ACTIVITY: When you reach the line with "Oscar Isaac, photo 3 of 3" in the data below, begin printing lines exactly, and stop once the line with "Diego Martínez en" has been printed.

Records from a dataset

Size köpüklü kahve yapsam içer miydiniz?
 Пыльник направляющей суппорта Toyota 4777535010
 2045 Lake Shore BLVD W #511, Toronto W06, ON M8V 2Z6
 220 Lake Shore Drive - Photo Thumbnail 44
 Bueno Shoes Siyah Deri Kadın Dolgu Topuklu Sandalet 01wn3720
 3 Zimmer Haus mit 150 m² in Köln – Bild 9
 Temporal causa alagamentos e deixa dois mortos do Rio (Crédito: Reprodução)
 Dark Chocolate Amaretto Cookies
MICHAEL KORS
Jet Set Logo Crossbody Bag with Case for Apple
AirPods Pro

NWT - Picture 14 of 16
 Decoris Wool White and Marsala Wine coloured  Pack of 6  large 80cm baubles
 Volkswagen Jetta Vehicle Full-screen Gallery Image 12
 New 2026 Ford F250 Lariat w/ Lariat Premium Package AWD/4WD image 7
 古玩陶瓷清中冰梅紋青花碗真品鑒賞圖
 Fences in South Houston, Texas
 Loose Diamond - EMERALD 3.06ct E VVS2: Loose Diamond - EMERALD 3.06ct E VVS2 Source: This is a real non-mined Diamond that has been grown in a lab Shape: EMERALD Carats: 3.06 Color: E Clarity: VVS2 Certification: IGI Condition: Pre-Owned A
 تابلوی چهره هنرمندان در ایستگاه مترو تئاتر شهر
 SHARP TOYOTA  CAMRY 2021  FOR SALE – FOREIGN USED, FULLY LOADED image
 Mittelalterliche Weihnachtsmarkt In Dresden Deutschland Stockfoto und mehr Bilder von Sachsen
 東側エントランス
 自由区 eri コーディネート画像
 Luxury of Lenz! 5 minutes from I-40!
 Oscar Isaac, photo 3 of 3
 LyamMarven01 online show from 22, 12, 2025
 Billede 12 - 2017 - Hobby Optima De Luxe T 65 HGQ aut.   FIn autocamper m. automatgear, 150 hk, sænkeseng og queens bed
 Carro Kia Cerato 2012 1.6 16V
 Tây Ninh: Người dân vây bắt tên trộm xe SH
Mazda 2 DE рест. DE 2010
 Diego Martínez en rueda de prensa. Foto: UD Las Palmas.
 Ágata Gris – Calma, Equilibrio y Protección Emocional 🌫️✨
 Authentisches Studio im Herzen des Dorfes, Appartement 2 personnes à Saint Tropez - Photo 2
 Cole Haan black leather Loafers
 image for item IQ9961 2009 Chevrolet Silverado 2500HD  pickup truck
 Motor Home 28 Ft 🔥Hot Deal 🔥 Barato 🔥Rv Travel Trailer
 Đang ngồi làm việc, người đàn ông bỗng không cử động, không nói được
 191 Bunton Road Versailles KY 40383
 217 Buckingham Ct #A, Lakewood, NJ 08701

RESULT OF THE EXERCISE:
 Oscar Isaac, photo 3 of 3
 LyamMarven01 online show from 22, 12, 2025
 Billede 12 - 2017 - Hobby Optima De Luxe T 65 HGQ aut.   FIn autocamper m. automatgear, 150 hk, sænkeseng og queens bed
 Carro Kia Cerato 2012 1.6 16V
 Tây Ninh: Người dân vây bắt tên trộm xe SH
Mazda 2 DE рест. DE 2010
 Diego Martínez en rueda de prensa. Foto: UD Las Palmas.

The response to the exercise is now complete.